What to do
Copy exactly, beginning with the line holding "Roger Federer wears a Land-Dweller 40 in a" and ending with the final line of the data beneath this task; copy nothing else, and leave out every picture.

Record excerpts

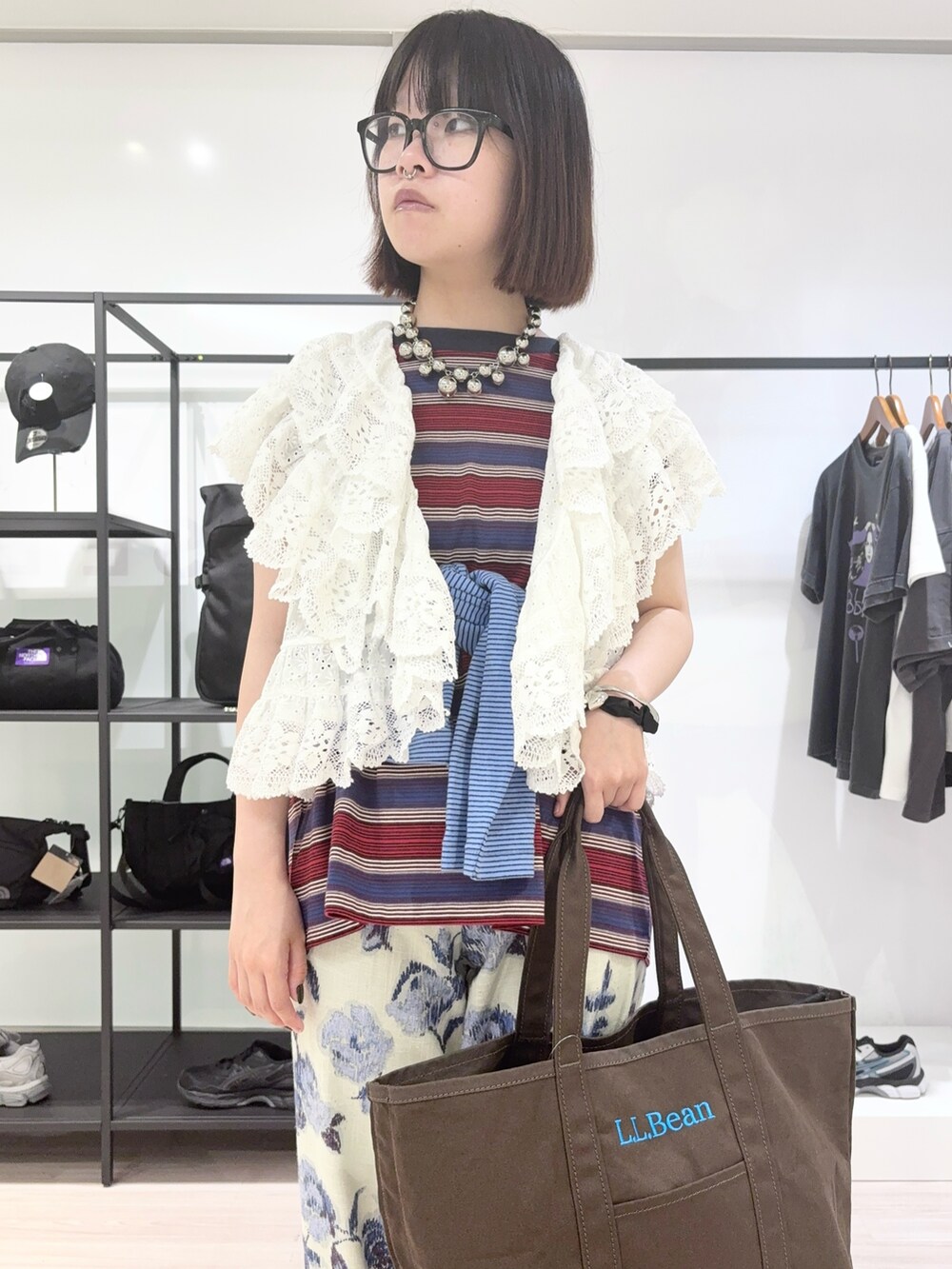 ホワイト系のベスト、ブルー系のTシャツ/カットソー、ホワイト系のその他パンツを着用したレディースの春コーディネートの5枚目の写真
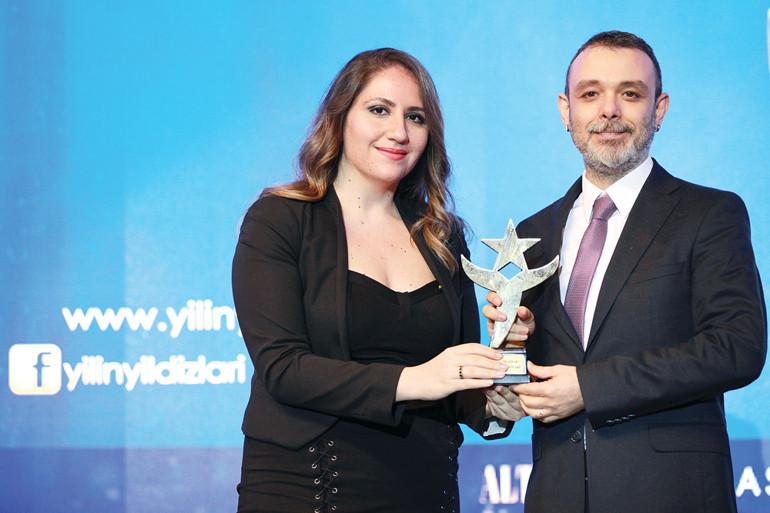 Baba- kıza gençlerden anlamlı ödül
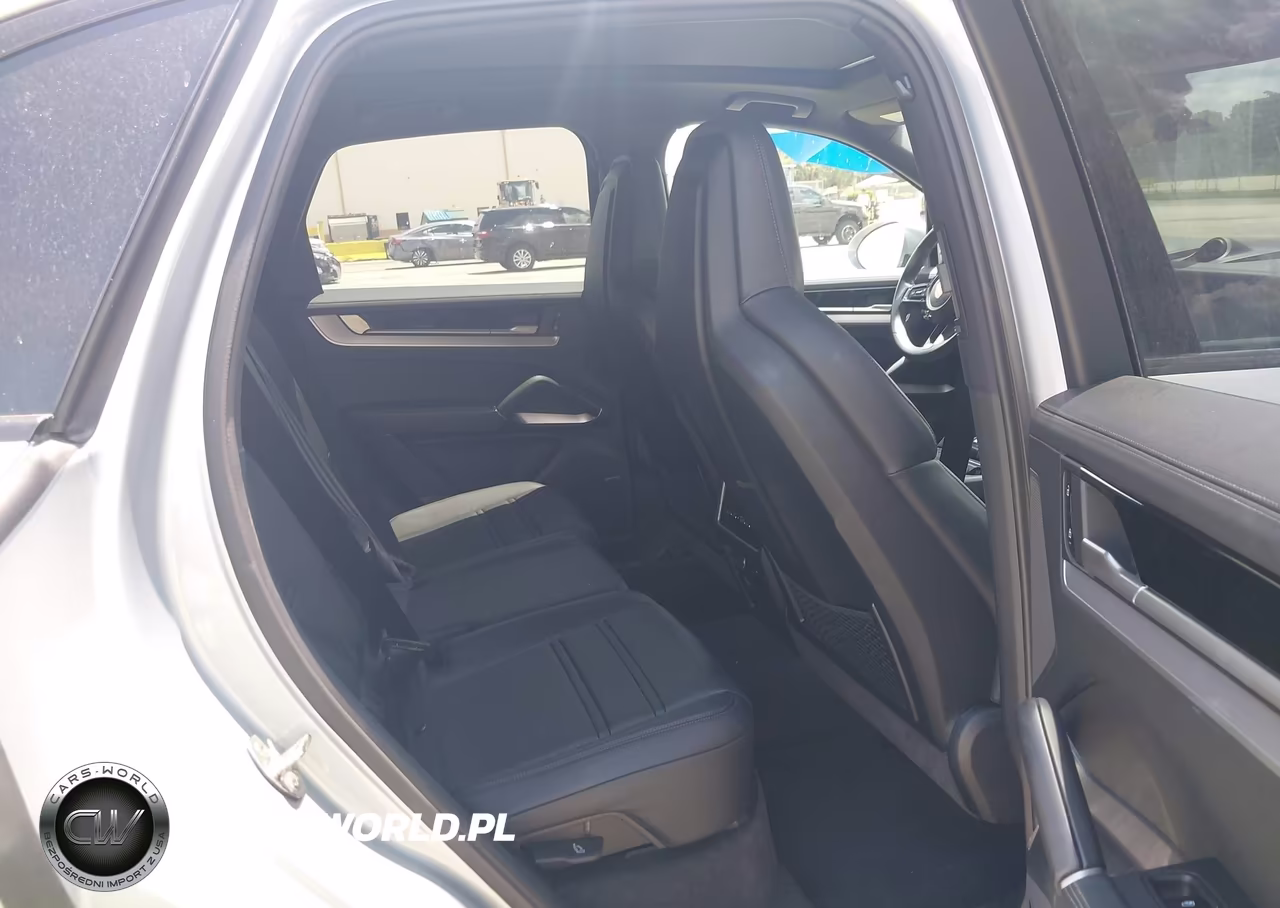 2025 Porsche Cayenne VIN:WP1AA2AY8SDA02266 - 8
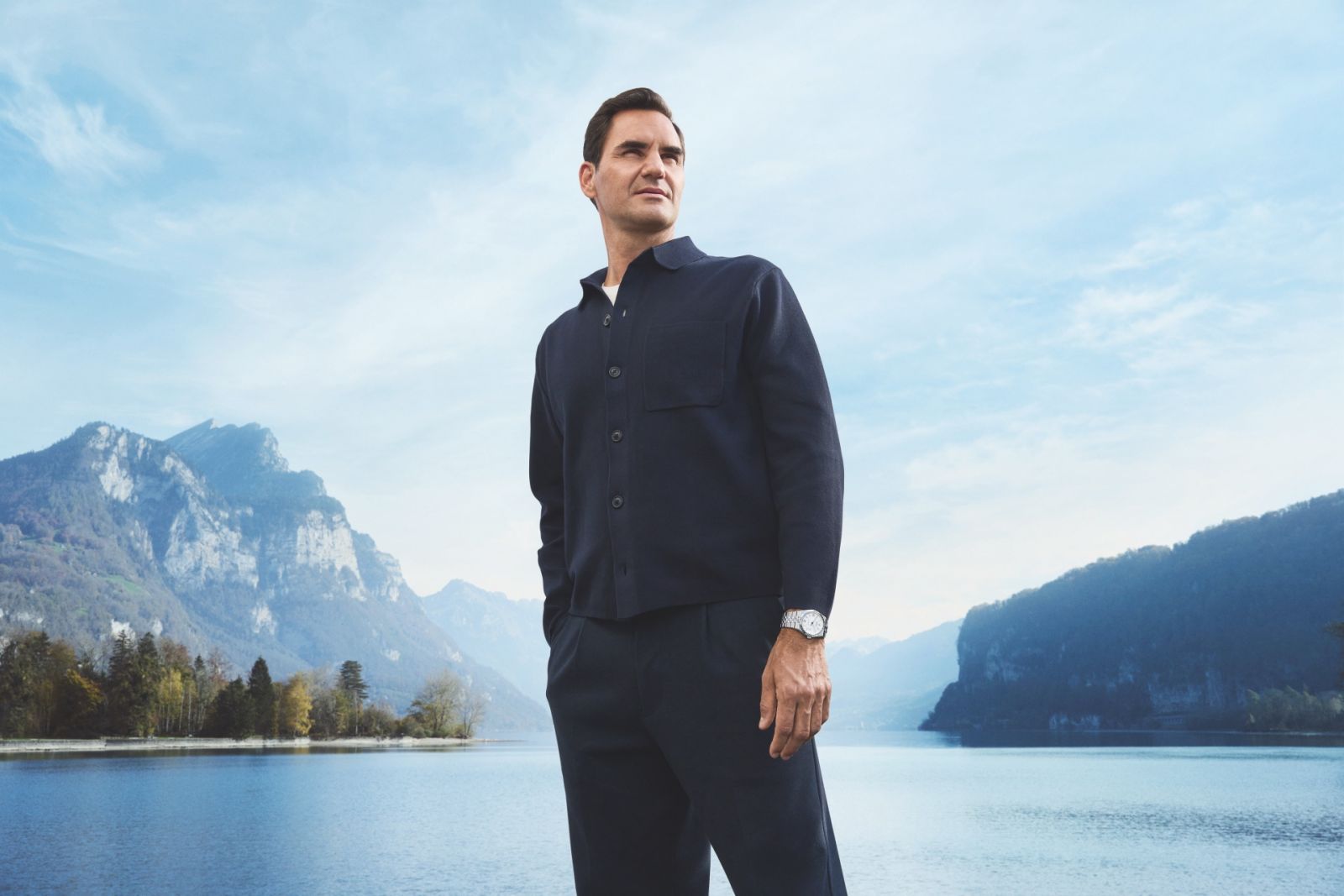 Roger Federer wears a Land-Dweller 40 in a
white Rolesor version.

Answer area
 Roger Federer wears a Land-Dweller 40 in a
white Rolesor version.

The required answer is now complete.